Sövdeborg Castle (Sövdeborgs slott) is a castle in Sjöbo Municipality, Scania, in southern Sweden.
Out of approximately 200 castles in Scania, this is one of about 25 which allows public visitors. The inside of the castle is decorated with stuccos and an oak ceiling carved in cartilage baroque.

==History==
Frederik Lange acquired the estate from the crown in 1587 and in 1597, he erected a castle. After he died in 1614, his son sold the castle to Danish nobleman Tage Ottesen Thott (1580–1658). His son Otte Thagesen Thott (1607-1656) completed the building plans and rebuilding the castle into a Renaissance castle in 1642.

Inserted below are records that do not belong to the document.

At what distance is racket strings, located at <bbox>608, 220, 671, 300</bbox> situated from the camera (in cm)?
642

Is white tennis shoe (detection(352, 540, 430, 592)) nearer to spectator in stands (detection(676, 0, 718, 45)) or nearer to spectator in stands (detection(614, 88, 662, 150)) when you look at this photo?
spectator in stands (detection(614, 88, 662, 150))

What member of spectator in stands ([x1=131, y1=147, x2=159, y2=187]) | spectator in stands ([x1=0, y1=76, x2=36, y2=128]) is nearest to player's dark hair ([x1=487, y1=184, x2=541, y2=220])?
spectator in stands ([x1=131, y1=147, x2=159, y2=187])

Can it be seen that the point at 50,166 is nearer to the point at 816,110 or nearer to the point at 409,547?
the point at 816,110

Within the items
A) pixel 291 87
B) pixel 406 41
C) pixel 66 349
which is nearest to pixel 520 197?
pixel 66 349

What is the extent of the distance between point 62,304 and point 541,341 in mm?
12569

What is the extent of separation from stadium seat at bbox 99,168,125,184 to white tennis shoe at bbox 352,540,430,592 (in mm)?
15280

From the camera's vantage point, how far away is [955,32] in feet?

In 1676, Thott sold it to Swedish Governor General Rutger von Ascheberg (1621–1693). The estate was owned by the Ascheberg family until 1735 when Johan August Meijerfeldt (1664–1749) bought it. In 1788, it was purchased by Swedish Count Carl Gustaf Piper (1737-1803). Lieutenant Erik Carl Piper (1807-1849) became the owner of the castle in 1833. In the 1840s, he hired architect Carl Georg Brunius (1792-1869) and under his leadership a thorough restoration of the castle took place.